By John Kangas
For 35 years, silent and beautiful Hang Gliders and Paragliders have graced the Boise skyline above the Highway 21 and the iconic Crow Inn.
Many have enjoyed eating steamed clams and just watching the gliders. Generations of Boise gliders have enjoyed their first flights on the Crow’s gentle hill. There is nothing like it in Boise–it cannot be replaced.
Ten years ago, Boise voters approved a $10 million Trust Fund Serial Levy that promised to acquire open space for public use. A year and a half ago, we were excited to learn that Boise had used the Trust Fund to purchase the Crow Gliding Area along with Hammer Flat. Shortly after the announcement, glider pilots enthusiastically met with Boise Parks and Recreation to discuss our rich history of gliding at the Crow Hill. We shared our willingness to partner with Parks and Recreation and to have a community gliding site similar to that in Salt Lake City or Missoula Montana. Not unlike the special use kayak course currently under construction in the river west of Fairview.
Although we did not understand his relationship to Boise City at the time, Ed Bottum from Idaho Fish and Game was also at the meeting. Bottum manages the wildlife management area adjacent to the city land.
A few weeks later, we learned Boise City officials were planning to sell Hammer Flat and the Crow Gliding Area to the Idaho Department of Fish and Game. Through a public records request, we learned that Boise Park and Recreation Director-Jim Hall told Fish and Game in a closed door meeting the deal would have to include the “Boise City Council concerns of no recreational access or dogs, except for hunting.” Hall discussed “firearm safety, short range weapons, and season closures” with Fish and Game. Records also show that Hall was “not inclined to allow” our silent and compatible gliding activity.
In March of this year, and while refusing public comment, the Mayor and the Boise City Council followed Jim Hall’s recommendation and gave complete management control of the property to Fish and Game. Public records show that Ed Bottum from Fish and Game drafted and now enforces the ownership bridge agreement. Bottum is also conducting the “Base Line Inventory” that Boise City claimed was the reason for the management agreement.
Bottum was recently quoted in the Statesman disclosing the study is “…not going to tell us anything we don’t already know.” What Bottum is not sharing, is an internal Fish and Game memo he wrote about hundreds of deer, elk, and pronghorns wintering on the property during the SAME TIME we were hiking, biking, and gliding at the Crow year round.
The bridge agreement gives Fish and Game total control of our city property and allows only “wildlife related activities.” The agreement does not define the term, but references the Boise River Wildlife Management Area Plan also authored by Bottum. The plan states that wildlife related activities include hunting and trapping.
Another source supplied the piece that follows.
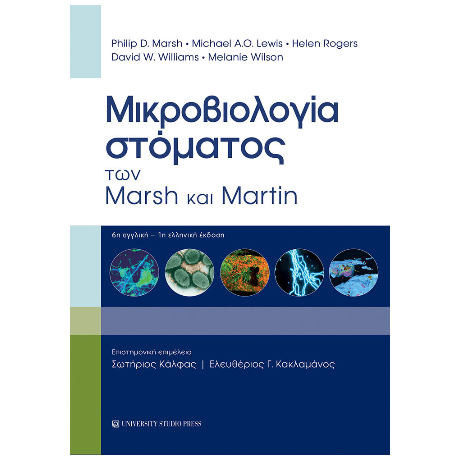 Μικροβιολογία στόματος των Marsh και Martin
The stated purpose of the Fish and Game area overlooking Boise is to “increase game populations to meet the demand for hunting and trapping.” Bottum’s plan does not consider visitors hiking, running, bicycling, or exercising their dogs to be wildlife based recreation. This is a direct conflict with our serial levy trust.
Ironic that we coexisted for 35 years with the deer and antelope, now F&G seeks to ban the gliding public so those same animals can be shot to death.